There is a core of folks who assert that infosec problems cannot be solved by technical means, and that geeks won't be able to put things right; instead we have to go begging for help to laywers, politicians, spooks, and law enforcement. Just today, the incoming Cybersecurity Czar boasted about not having technical chops. Plenty of jobs in DC don;t require technical expertise, but I do not see how Cybersecurity Czar is one of them. Does the Treasury Secretary brag about not knowing how banks work? I get that execs (Czar counts as an exec right?) cannot spend all their time down in the weeds, but even if you are are at a high level you have to tell a weed from a flower or a vegetable.

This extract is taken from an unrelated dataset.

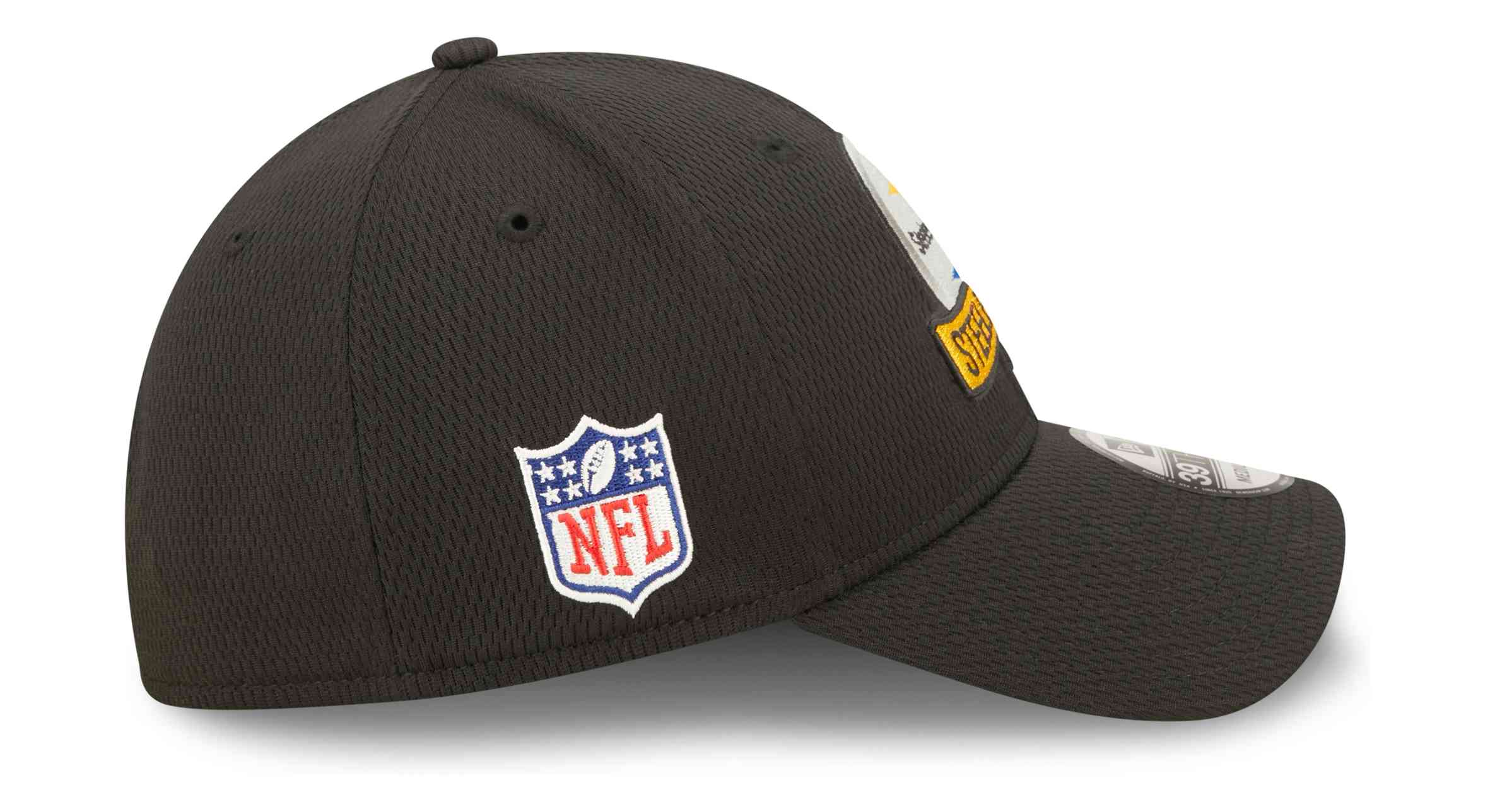 New Era - NFL Pittsburgh Steelers 2022 Sideline Coach 39Thirty Stretch Cap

I am not naive enough to think that tech can solve all security problems, but it raises my hackles when people casually say that "we'll never solve security problems with technical means." For sure, we have not solved much yet, but why can't we do better? For the people like to assert that we cannot solve these issues technically, have a look at car theft:
- "Auto theft isn’t much of a problem anymore in New York City. In 1990, the city had 147,000 reported auto thefts, one for every 50 residents; last year, there were just 7,400, or one per 1,100. That’s a 96 percent drop in the rate of car theft.
- So, why did this happen? All crime has fallen, nationally and especially in New York. But there has also been a big shift in the economics of auto theft: Stealing cars is harder than it used to be, less lucrative and more likely to land you in jail. As such, people have found other things to do.
- The most important factor is a technological advance: engine immobilizer systems, adopted by manufacturers in the late 1990s and early 2000s. These make it essentially impossible to start a car without the ignition key, which contains a microchip uniquely programmed by the dealer to match the car.
- Criminals generally have not been able to circumvent the technology or make counterfeit keys. “It’s very difficult; not just your average perpetrator on the street is going to be able to steal those cars,” said Capt. Don Boller, who leads the New York Police Department’s auto crime division. Instead, criminals have stuck to stealing older cars.
Pretty amazing stats. Its not the identical issue that we face in infosec, but I will point out that many of the reasons that people cite why infosec technology will "never" be able make a difference are shared by the automotive industry. Users place higher value on utility than security, intelligent adversary, sitting duck attack surface, operate in hostile/unmanaged environments, complexity, have to work with "developers" meet ship dates and cost control issues. Its not so different from our world, and that's serious progress.